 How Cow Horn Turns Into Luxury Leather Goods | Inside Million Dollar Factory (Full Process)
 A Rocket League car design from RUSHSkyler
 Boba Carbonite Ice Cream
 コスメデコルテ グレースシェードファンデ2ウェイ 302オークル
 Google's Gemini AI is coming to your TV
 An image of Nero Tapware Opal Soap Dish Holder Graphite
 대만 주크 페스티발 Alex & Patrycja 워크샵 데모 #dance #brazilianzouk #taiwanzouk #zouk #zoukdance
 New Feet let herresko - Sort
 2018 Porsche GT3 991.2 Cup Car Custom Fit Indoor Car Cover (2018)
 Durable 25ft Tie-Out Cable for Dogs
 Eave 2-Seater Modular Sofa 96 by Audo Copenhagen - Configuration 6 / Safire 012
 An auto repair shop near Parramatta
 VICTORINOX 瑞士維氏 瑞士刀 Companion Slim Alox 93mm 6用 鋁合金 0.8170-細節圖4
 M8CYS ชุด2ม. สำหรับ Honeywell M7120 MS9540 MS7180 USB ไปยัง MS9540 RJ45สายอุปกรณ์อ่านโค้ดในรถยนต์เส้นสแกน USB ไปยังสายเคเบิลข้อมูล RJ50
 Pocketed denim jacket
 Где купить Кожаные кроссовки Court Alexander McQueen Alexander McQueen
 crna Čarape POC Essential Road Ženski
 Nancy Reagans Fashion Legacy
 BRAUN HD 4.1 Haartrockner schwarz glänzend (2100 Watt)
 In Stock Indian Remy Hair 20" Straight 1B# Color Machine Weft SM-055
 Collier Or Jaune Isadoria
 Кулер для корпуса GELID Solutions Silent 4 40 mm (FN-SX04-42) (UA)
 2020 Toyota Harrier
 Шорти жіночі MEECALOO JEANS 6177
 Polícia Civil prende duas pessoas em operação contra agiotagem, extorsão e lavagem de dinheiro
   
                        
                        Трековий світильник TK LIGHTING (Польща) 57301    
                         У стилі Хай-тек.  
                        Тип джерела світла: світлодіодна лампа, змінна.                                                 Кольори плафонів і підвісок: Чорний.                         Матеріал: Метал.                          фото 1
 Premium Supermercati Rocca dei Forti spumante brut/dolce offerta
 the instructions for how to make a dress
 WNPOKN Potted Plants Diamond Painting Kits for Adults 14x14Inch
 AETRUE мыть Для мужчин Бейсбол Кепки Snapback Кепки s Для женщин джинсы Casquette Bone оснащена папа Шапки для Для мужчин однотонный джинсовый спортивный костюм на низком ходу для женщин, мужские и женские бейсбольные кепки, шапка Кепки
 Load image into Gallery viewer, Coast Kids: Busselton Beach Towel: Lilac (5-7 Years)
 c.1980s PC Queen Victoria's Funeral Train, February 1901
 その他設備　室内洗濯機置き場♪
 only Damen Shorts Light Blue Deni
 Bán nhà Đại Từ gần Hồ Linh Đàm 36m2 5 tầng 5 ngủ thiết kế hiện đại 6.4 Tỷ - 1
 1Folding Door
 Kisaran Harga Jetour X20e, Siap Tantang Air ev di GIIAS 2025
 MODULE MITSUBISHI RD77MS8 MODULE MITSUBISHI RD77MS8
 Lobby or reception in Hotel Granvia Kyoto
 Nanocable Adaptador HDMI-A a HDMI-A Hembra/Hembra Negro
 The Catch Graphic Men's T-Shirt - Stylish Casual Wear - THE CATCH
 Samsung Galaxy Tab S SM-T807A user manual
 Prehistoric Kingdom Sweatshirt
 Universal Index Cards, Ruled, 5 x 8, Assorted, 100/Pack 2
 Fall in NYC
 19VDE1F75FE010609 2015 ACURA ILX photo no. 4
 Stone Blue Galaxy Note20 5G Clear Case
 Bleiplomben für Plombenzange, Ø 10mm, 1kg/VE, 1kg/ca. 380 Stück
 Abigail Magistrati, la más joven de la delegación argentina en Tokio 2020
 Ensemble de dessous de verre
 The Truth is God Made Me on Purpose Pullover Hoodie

..........

Activity:
Transcribe exactly, and only, the lines that extend from the one containing "Fall in NYC" to the end of the records above, inclusive of both.

Response to this task:
 Fall in NYC
 19VDE1F75FE010609 2015 ACURA ILX photo no. 4
 Stone Blue Galaxy Note20 5G Clear Case
 Bleiplomben für Plombenzange, Ø 10mm, 1kg/VE, 1kg/ca. 380 Stück
 Abigail Magistrati, la más joven de la delegación argentina en Tokio 2020
 Ensemble de dessous de verre
 The Truth is God Made Me on Purpose Pullover Hoodie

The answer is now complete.